When Summers was asked to join the Covington Garden Club in 1952, she did so with a quiet humility. She admits she was “flattered” to even be considered, though joining the club would prove to be the first seeds sown in a long life of service to her community.

The Covington Garden Club dedicates itself to social interaction and the beautification of Covington’s many parks and public areas. It sparked Summers’ passion for the work. When asked about her tireless dedication to the cause, she responded like only she could: “It never occurred to me to quit.” Gardening was a sanctuary—a deeply spiritual pursuit through which she found harmony with nature and God. Using her passion to contribute to the community she calls home was a bonus. Summers sees it as an “investment of the soul” and a way for her to leaving something behind to future generations.

“You have to have faith,” she said, “that someone is going to see it.”

Summers’ contributions extend far beyond her own garden. She has been afforded the opportunity to work on many projects in which she took particular pride, not the least of which is Memorial Gardens in Academy Springs Park—just a few blocks from her home. However, her proudest moment was when she received the Certificate of Merit from the Garden Club of Georgia. Summers admits she was never motivated by such achievements but was grateful for the recognition and the experience. The Covington Garden Club graced her with other opportunities to contribute to her hometown in ways she never imagined, like arranging flowers for local churches and sitting on the club’s tree board, which is responsible for the planting and arranging of trees in Covington’s public parks.

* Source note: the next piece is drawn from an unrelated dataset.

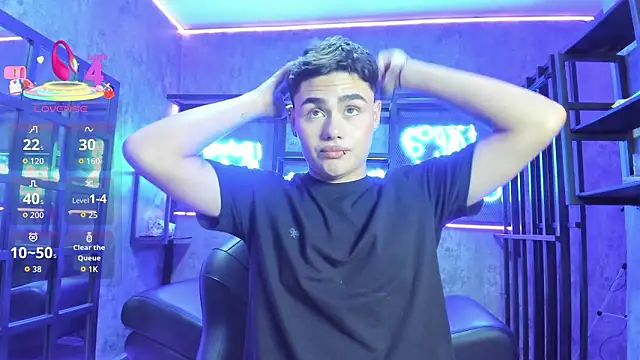 Snapshot of FemNoa chatting on February 2026 08:05:01 PM FemNoa online show from February 2026 08:05:01 PM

“Nothing turns out like you envision, but don’t be afraid of mistakes.”

Loy Summers

Through these contributions and many others, Summers has dedicated her life to bettering her community. Her deep and abiding love for gardening and the outdoors remains apparent, but the connections she has made through her efforts with the Covington Garden Club are even more deeply felt. Summers speaks of a universal joy she found when exercising her craft. It was only enhanced when she shared the experience with others. Helping breathe life into a community of growers was as important as the growing itself. 

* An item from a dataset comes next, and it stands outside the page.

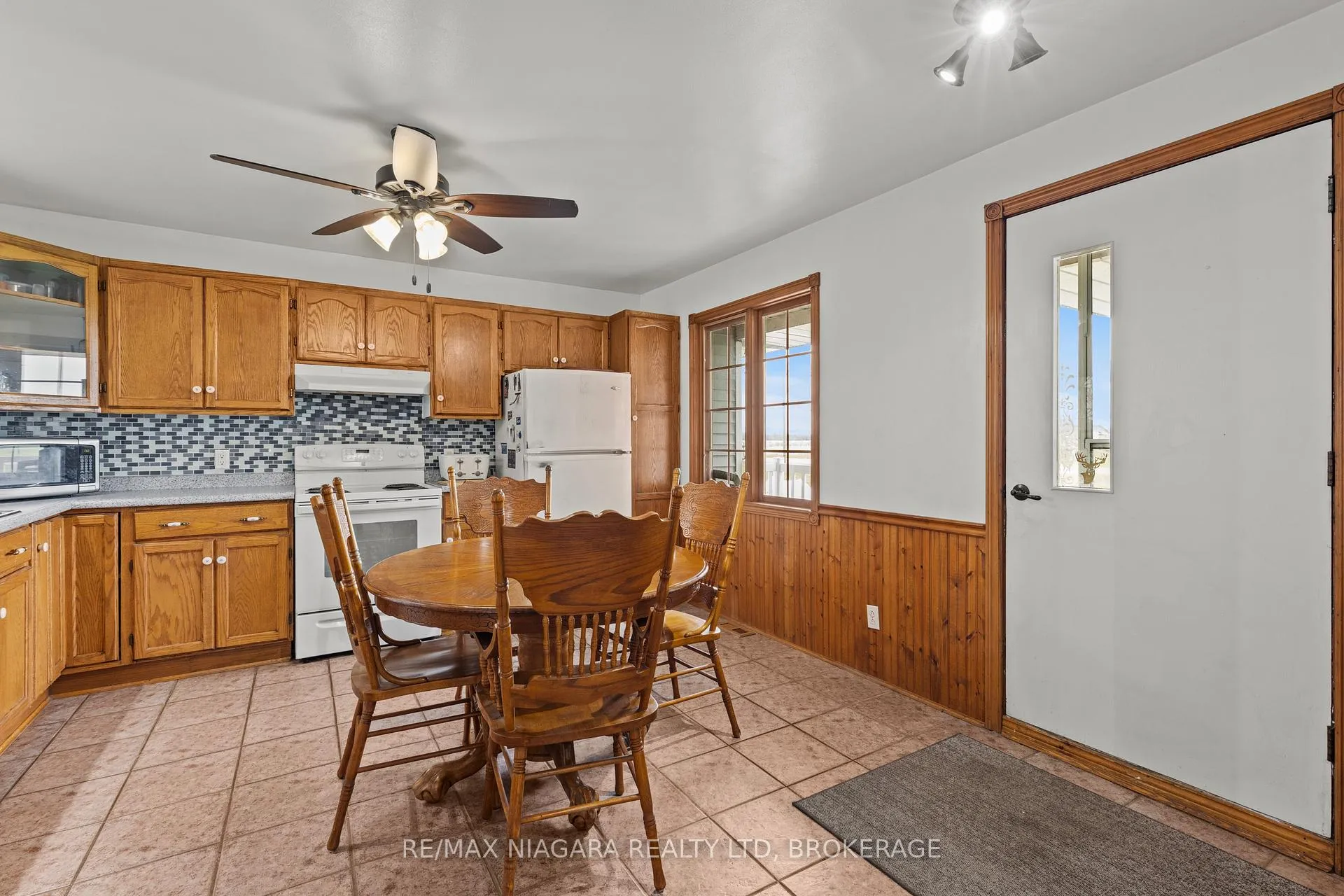 Photo 6 of 60826 Regional Rd 27, Wainfleet, Marshville/Winger — HOMEH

Nothing compares to the countless connections she made and the friendships that were formed throughout her 70 years of service. She passed them down to her own family, her love of the craft carried on through some of her 12 grandchildren and 19 great-grandchildren. It appears as though the pastime of gardening will be well preserved in a legacy Summers continues to build.

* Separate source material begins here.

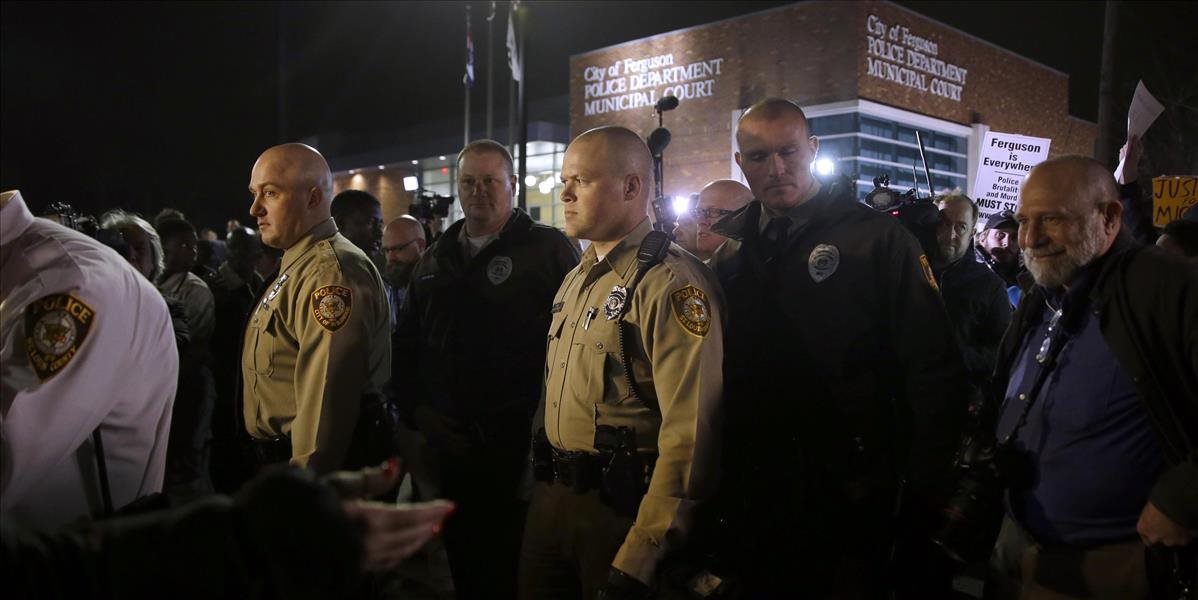 Polícia aj aktivisti sa snažia mierniť napätie po streľbe vo Fergusone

Beyond the experiences and relationships, she points to the memories she has been able to share with others, including the thrill and privilege of showing her own garden and the chance to teach and mentor others in the labor of love. Summers admits she made many mistakes while refining her craft over the course of 70-plus years.

“Nothing turns out like you envision,” she said with a laugh, “but don’t be afraid of mistakes.” For Summers, gardening is akin to handling a newborn baby—a miracle of life. As with so much of life, there are too many avenues to follow to allow a few missteps to keep you from being successful. “Focus on what you can do,” she added.

That connection brings her closer to the Creator. Just as a garden can be an expression of Summers, she can be an expression of God. The vibrant life that can be coaxed out of the soil is proof enough of His existence and, perhaps more importantly, proof of His attention to the smallest details. Anyone who spends time with Summers seems certain to come away with one thought: Few flowers in Covington bloom any brighter than she does.